Europe’s domestic concerns are nudging their way into the discourse, especially as energy prices and raw materials shortages start to take an economic toll on ordinary people who are facing higher electricity bills, fuel costs and grocery prices. While European leaders hailed the decision to block 90% of Russian oil exports by the end of the year as a complete success, it took four weeks of negotiations and included a concession allowing Hungary, widely seen as the Kremlin’s closest EU ally, to continue imports. Weeks more of political fine-tuning are required.

“It shows that unity in Europe is declining a bit on the Russian invasion,’’ said Matteo Villa, an analyst with the ISPI think tank in Milan. There is this kind of fatigue setting in among member states on finding new ways to sanction Russia, and clearly within the European Union, there are some countries that are less and less willing to go on with sanctions.

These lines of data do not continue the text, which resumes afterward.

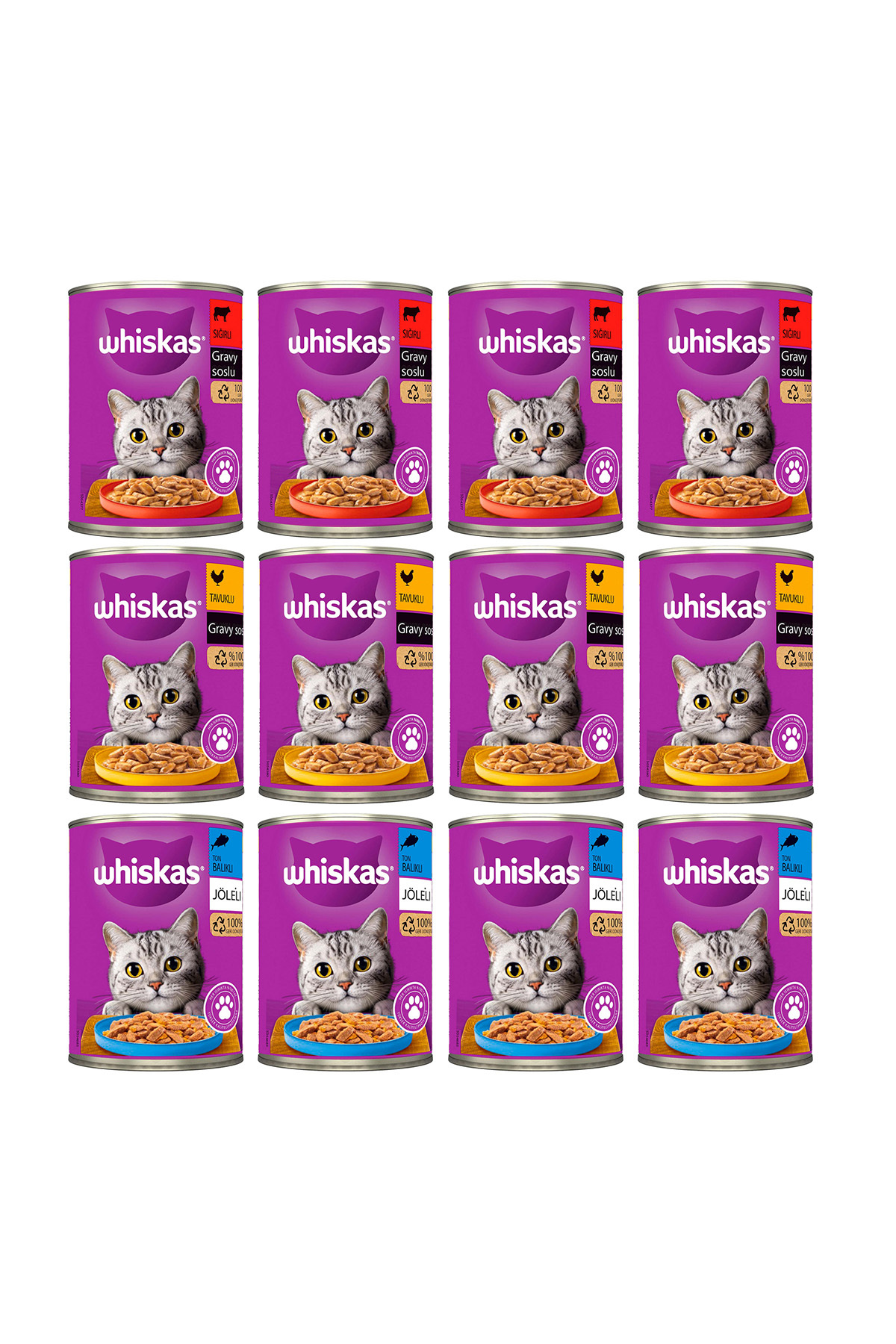 غذای کنسروی تر گربه ویسکاس Whiskas، تن ماهی، گوشت گاو و مرغ، ۱۲ قوطی ۴۰۰ گرمی
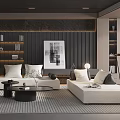 Modern Living Room Interior Design With White Sofa Coffee Table And Decorative Painting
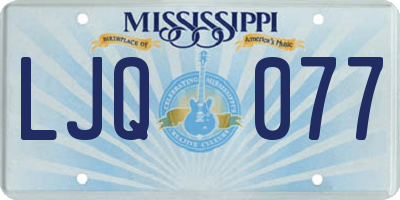 MS license plate LJQ077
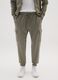 Green cotton blend cargo trousers with pockets_1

Wary of the economic impact of further energy sanctions, the European Commission has signaled it won’t rush to propose fresh restrictive measures targeting Russian gas. EU lawmakers are also appealing for financial aid for citizens hit by heating and fuel price hikes to ensure that public support for Ukraine doesn’t wane.

Italy’s right-wing leader Matteo Salvini, who has been seen as close to Moscow, told foreign journalists this week that Italians are ready to make sacrifices, and that his League supports the sanctions against Russia. But he indicated that backing is not unlimited, amid signs the trade balance under sanctions has shifted in Moscow’s favor, hurting small business owners in northern Italy who are part of his base. Italians are very available to make personal economic sacrifices to support Ukraine’s defense and arrive at a cease-fire, Salvini said.

What I would not like is to find us back here in September, after three months with the conflict still ongoing. If that is the case, it will be a disaster for Italy. Beyond the deaths, and saving lives, which is the priority, economically, for Italy, if the war goes on, it will be a disaster, he said.”